En filmant la vie comme elle va à peu près dans un centre d’accueil pour demandeurs d’asile pour les besoins de son «Eurovillage», François Pirot interroge notre (in)humanité. Résultat: un documentaire captivant et bouleversant.
Après Mobile Home (2012), comédie jubilatoire en forme de road movie finalement immobile, François Pirot reprend son sérieux. Et nous emmène, cette fois, au centre d’accueil d’Herbeumont dans les Ardennes belges, où il est allé à la rencontre des demandeurs d’asile. Eurovillage, dont son film tire son titre, est un ancien village de vacances isolé au milieu de la forêt ardennaise qui a été converti, en 2011, en centre d’accueil pour demandeurs d’asile. «La nature particulière de ce lieu m’a donné l’envie d’en faire un personnage central, explique le réalisateur. C’est de son point de vue que l’on observe la vie des habitants du centre.»

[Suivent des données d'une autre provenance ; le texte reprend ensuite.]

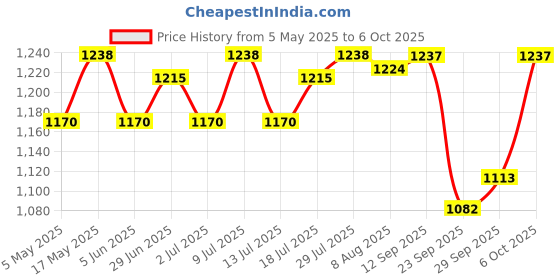 amazon.in The Whole Truth - Hazelnut Cocoa Protein Bar with 12g Protein(Pack of 6) & The Whole Truth - Energy Bars - Fudge All! | Pack of 6 x 40g Price History Graph from 5 May 2025 to 6 Oct 2025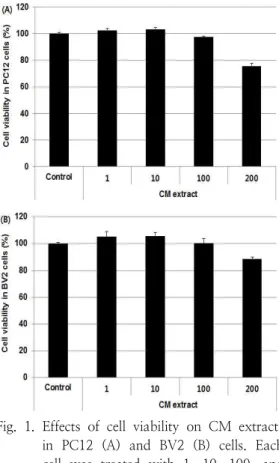 Fig.  1.  Effects  of  cell  viability  on  CM  extracts  in  PC12  (A)  and  BV2  (B)  cells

Patience et longueur de temps
Les résidents qui l’habitent n’ont qu’une seule occupation: attendre. Souvent abattus par le poids des procédures et des maux qui s’abattent sur eux. Pendant une durée indéterminée, ils patientent avant la réponse à cette angoissante question: vont-ils, oui ou non, obtenir le statut de réfugié, et, donc, l’autorisation de rester sur le territoire belge?
Comment traversent-ils cette étrange période, déconnectés de la vie réelle, suspendus entre ce qu’ils ont quitté et un futur incertain? Qui, pour un grand nombre d’entre eux, prendra la forme d’un «ordre de quitter le territoire»? Plus que jamais d’actualité, ce documentaire essentiel pose la question du phénomène migratoire, nous interpellant surtout sur notre humanité. «On entend surtout parler des réfugiés lorsque leurs difficultés sont évidentes, visibles et tragiques, reprend François Pirot. Mais, souvent, dès qu’ils sont pris en charge par l’État, et qu’ils deviennent officiellement “demandeurs d’asile”, ce qui se passe pour eux devient plus flou, moins connu. Alors qu’après avoir passé les portes des centres d’accueil, leur voyage est encore bien loin d’être terminé. Certes, leur vie n’est plus en danger. Ils dorment au chaud et ont de quoi manger. Mais ils ne sont pas encore arrivés réellement quelque part, c’est-à-dire dans un endroit où ils pourront réellement se construire, s’ils le souhaitent, une vie solide et durable.»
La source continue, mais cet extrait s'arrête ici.